Wyoming District Court records also show a judge signed an arrest warrant for Lyoya on April 1 in a second-offense domestic violence case.
His father told News 8 Patrick Lyoya would often make the trip to Lansing where the rest of the family lives.
“He was a sharing person. He helped his family. If he had money, he would share with them,” Peter Lyoya said through an interpreter.
He also said he believes his son was killed because of the color of his skin.
“I’m talking to my fellow African Americans just to be very careful because we are being killed. Just be very careful when you are out there because it seems like your life doesn’t have any meaning,” he said.
Peter Lyoya, who came to the News 8 studio after meeting with the police chief, was accompanied by several Congolese refugees, including his brother, Joshua Kibezi Munonge.
Kibezi Munonge is Patrick Lyoya’s uncle and the head of the African Community Kalamazoo, a nonprofit organization.
He told News 8 he wanted people to know the struggles African immigrants face in Michigan.
“People take advantage of immigrants. … Work. You can be fired without any reasons. You can be forced to move from an apartment without reason,” Kibezi Munonge said. “We don’t know the laws. We don’t have organizations involved in our community, and that’s a big, big problem we have. That’s a barrier we have. … All our community. We are suffering.”
Kibezi Munonge also wanted police to know that his community supports them.

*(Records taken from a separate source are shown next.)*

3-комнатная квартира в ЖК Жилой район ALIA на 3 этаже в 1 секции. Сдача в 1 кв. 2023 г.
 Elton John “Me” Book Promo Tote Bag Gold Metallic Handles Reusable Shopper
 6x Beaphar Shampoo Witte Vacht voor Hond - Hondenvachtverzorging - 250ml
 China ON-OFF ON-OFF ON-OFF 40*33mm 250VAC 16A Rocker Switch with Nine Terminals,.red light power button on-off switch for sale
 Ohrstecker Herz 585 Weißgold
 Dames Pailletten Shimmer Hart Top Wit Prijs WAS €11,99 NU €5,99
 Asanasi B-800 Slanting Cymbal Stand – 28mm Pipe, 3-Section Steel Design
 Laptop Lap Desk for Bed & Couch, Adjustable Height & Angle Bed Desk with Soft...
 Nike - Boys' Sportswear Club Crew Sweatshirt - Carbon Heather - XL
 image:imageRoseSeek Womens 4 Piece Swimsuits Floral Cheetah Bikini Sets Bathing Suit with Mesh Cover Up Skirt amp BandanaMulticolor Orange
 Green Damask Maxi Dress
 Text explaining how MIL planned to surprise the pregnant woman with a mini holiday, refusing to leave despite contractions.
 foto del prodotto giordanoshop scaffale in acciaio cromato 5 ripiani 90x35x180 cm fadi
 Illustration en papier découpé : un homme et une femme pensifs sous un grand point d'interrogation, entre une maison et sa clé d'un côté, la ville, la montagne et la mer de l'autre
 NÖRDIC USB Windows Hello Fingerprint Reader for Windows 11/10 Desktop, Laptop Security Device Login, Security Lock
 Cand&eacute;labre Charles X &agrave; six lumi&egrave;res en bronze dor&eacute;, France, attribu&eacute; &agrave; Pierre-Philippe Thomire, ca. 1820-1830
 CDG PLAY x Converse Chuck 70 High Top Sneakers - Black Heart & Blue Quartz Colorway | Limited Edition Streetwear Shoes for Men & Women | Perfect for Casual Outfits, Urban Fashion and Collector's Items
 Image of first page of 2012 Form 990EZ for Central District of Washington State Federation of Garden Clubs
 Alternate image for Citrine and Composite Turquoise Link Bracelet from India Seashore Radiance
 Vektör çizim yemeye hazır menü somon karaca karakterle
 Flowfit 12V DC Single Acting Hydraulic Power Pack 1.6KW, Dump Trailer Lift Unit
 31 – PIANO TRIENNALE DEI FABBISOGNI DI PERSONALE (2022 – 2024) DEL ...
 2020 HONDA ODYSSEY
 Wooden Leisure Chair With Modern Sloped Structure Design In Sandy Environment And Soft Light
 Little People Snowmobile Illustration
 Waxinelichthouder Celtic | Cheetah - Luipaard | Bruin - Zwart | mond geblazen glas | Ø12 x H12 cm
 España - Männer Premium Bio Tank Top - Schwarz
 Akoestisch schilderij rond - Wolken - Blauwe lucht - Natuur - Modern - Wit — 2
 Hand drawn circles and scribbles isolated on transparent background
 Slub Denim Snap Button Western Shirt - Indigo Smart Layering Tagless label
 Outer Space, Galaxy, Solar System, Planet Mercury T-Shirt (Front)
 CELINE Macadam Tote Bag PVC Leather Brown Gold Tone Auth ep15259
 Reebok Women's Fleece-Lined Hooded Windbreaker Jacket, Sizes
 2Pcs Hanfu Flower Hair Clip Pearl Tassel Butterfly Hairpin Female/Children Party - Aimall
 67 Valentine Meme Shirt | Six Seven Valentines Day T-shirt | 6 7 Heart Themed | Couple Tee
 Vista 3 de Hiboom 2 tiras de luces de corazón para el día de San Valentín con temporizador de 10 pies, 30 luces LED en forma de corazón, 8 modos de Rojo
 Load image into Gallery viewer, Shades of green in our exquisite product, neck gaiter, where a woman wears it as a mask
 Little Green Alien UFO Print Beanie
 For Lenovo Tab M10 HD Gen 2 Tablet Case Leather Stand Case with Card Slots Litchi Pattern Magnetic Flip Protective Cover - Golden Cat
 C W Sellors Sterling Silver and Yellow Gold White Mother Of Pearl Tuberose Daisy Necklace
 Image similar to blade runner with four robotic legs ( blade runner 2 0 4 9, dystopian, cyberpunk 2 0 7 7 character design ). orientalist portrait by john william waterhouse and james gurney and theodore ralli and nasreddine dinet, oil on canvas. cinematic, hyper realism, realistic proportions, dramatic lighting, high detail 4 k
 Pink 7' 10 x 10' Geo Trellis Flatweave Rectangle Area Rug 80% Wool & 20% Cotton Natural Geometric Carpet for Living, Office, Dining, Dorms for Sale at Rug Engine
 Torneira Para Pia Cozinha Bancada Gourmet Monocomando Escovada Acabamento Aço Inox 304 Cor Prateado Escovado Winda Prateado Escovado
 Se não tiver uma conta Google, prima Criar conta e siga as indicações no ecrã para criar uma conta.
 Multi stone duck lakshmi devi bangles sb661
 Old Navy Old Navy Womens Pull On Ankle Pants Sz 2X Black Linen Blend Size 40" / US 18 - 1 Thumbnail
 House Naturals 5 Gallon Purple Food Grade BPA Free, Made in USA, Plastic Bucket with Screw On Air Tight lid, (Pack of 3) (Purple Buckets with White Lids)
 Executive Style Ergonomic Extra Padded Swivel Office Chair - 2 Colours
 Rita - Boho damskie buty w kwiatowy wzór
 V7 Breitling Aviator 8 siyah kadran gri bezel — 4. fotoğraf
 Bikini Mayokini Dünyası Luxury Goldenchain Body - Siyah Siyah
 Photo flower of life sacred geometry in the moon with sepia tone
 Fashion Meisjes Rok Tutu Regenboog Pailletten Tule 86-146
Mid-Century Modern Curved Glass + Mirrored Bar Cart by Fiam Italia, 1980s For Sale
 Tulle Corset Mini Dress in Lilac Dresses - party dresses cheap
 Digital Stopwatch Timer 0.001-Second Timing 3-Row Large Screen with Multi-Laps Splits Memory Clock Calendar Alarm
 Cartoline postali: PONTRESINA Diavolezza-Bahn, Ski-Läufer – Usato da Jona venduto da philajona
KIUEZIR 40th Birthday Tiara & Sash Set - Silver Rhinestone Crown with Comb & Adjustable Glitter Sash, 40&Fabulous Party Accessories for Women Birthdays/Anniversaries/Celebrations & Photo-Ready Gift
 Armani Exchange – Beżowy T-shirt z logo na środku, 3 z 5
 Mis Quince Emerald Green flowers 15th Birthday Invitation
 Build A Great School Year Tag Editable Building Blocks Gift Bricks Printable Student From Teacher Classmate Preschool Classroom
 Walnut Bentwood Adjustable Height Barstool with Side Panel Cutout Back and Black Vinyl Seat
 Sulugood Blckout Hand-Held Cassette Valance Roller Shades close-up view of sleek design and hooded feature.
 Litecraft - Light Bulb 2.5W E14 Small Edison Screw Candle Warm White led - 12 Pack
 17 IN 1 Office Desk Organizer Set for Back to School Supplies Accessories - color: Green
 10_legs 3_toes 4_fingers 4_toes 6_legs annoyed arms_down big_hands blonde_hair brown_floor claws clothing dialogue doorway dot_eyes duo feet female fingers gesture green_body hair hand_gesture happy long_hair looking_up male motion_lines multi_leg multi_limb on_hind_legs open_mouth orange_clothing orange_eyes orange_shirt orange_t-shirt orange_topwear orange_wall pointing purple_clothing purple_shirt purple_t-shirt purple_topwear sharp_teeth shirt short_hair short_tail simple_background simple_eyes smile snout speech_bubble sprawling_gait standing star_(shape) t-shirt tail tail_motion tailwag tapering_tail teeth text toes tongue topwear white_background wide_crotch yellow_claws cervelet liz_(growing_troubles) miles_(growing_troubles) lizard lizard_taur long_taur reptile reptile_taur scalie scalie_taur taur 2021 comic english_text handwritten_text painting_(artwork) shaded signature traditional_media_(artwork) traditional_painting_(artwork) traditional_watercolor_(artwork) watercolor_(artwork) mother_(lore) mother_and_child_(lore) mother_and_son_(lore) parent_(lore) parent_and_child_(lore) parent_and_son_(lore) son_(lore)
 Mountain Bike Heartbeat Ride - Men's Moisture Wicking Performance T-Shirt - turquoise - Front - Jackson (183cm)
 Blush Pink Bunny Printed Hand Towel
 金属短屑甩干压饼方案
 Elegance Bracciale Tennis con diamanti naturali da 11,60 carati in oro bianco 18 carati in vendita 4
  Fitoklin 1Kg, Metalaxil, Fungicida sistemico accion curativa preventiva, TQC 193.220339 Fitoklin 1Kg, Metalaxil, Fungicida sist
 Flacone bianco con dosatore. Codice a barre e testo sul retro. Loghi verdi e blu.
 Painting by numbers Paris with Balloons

“We love police. We are praying for police. If they came to us, we are ready to collaborate in a good way,” said Kibezi Munonge.
Freddie Nyembwe, the leader of the Congolese community in Lansing, urged everyone to love one another.
“It doesn’t matter the color of your skin. We have the same color of blood. We are the same people,” Nyembwe said. “Where is the love? There is no more love. Why is people killing other people?”
Ngandu Amisi, the president of the Congolese community in West Michigan, also accompanied Peter Lyoya.
Amisi asked police in Michigan and nationwide to protect civilians, not shoot them.
“We as Africans, because of the color of our skin, by the way they’re killing us. It’s going to push us to believe that we are not important in this country. … We will come to conclude there is strong discrimination against people of color,” said Amisi through the interpreter.
— News 8’s Madalyn Buursma contributed to this report.